There is something about mighty white cliffs. During World war II, the iconic White Cliffs of Dover was a symbol of freedom, of Britain as the bulwark against the nazi tyranny. The Seven Sisters, near Brighton, are no less spectaculars. The French have their Cote d’Albatre, the Alabaster coast.
The Danes have Stevns Klint, the place where the dinosaurs died – and then there is an even more spectacular cliff: Møns Klint.
Møns Klint is called “the place where Denmark was born”. It is the southeasternmost point of “main” Denmark, except Bornholm, where the sun rises above the land of hygge. The spectacular chalk cliffs are the first to receive the sun rays of a new day.
The chalk is kind of a national rock for the Danes, the literal foundation for their country (and the closest they get to actual rocks). Møns Klint, Stevns Klint and other klints – klint is the Danish word for cliff – are also the closes they get to real topography, in this otherwise flat country. Møns Klint rises to 128 meters, straight from the sea, and creates a rolling topography, making the island of Møn look almost like Tuscany. The geology and the biodiversity has awarded Møns Klint the status of an UNESCO special biosphere area.
Geocenter Møns Klint is a science and experience center, which tells the story of Møns Klint, its geology and life from the Cretaceous through the ice ages until today.

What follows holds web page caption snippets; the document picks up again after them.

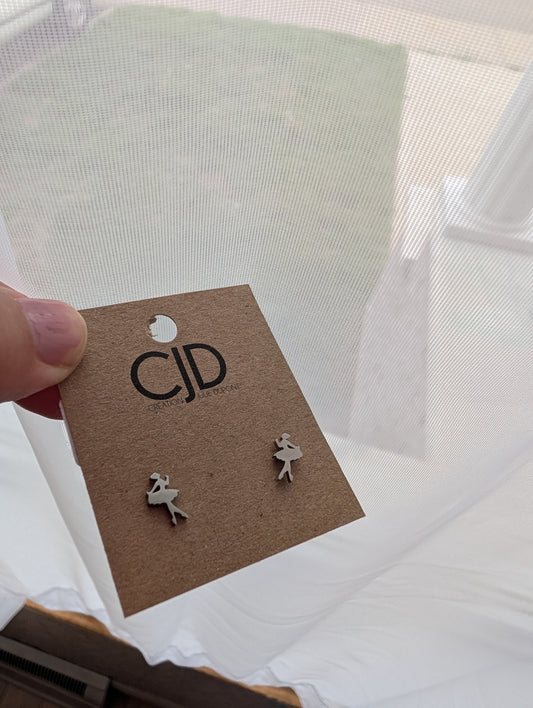 Boucles d'oreilles ballerine // Ballerina stud earrings // stainless steel earrings // minimalist jewelry )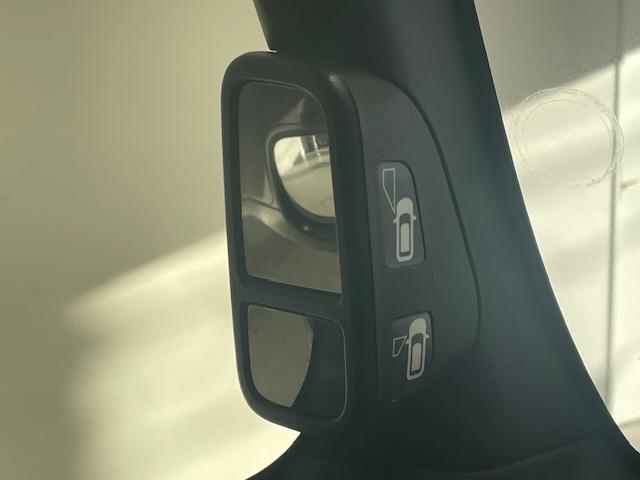 N-BOXカスタム G・Lホンダセンシング ホンダセンシング/社外ナビ/Bluetooth/フルセグTV/ビルドインETC/USB/バックカメラ/ECO/レーンキープアシスト/コーナーセンサー後/サンシェード/ドライブレコーダー/オートライト(50枚目)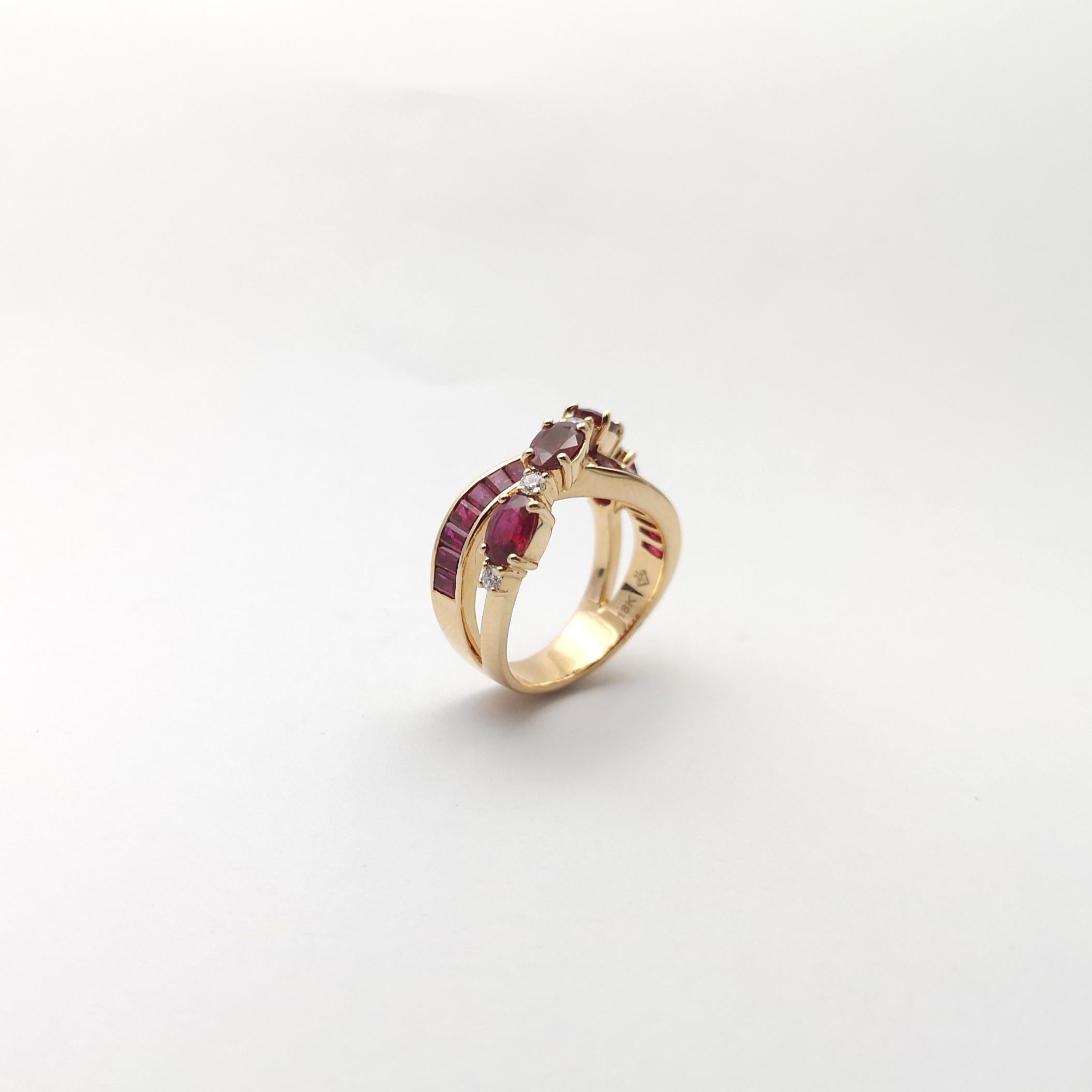 Anello con rubino e diamante incastonato in oro rosa 18 carati in vendita 7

The chalk is a special rock. It is entirely made up of tiny-tiny, micron-sized shells from algae. In the Upper Cretaceous, an ocean covered what is the North Sea, and in it lived zillions of coccoliths, algae with shells like micro-sized Frisbees or shields. So many algae bloomed, that the sea must have been white at times. When the algae died, their shells sunk to the bottom of the sea. There, they stacked like an enourmous house of cards, which through time collapsed by compaction – pressure from rocks above – and by bioturbation; digging of worms and creepy-crawlies living in the sea bottom. Up close, the chalk is messy, lumpy, more grey than white.
Møns Klint’s chalk was laid down in a shallow sea around 70 million years ago, towards the end of the dinosaurs’ reign in the late Cretaceous – the name Cretaceous stems from the chalk itself. In this sea lived the dinosaurs’ contemporary marine badasses: the mosasaurs.
Mosasaurs ruled the oceans during the last part of the Cretaceous. They were up to 17 meters long, and looked like big lizards, but with dolphin-like body shape, and strong flaps instead of legs. At Møns Klint, their fossils are limited to occasional teeth, but they show that those seas were a dangerous place.
Much more common are the belemnites. The old norse believed that they were the tips of lightning bolts sent by the thunder god Tor, but they are really the rear shells of extinct, small ten-armed octopuses. In fact, the Geocenter at Møns Klint attempts to create the world’s largest collection of belemnites! Sea urchins are also common fossils.
If you want to try hunting for your own fossil, the Geocenter arranges for guided fossol collection trips – or you can walk the long stairs down to the pebble beach to hunt on you own, looking up at the mighty cliffs.
Then, also take a walk along the tops of the cliff, to enjoy the view of the white cliffs against the blue sea. Follow the marked paths with fences to the cliffs; the forest is vulnerable and the cliff edges unstable. Rock slides happen now and then, especially during the winter.
How to get there: Møns Klint is on Møn, the southeasternmost of the Danish islands, except Bornholm. By car, follow E47 from Copenhagen southwards to near Vordingborg, then road 59 to Stege, which continues as road 287 to Møns Klint. From Møns Klint Resort and Camping, follow signs towards Møns Klint. The last part of the road is a gravel road. Travel time is around 1 hr 45 mins.
By public transport, take the train from Copenhagen to Vordingborg, and then bus 660R to Stege and 678 to Møns Klint. Travel time ca 2 hrs 45 mins.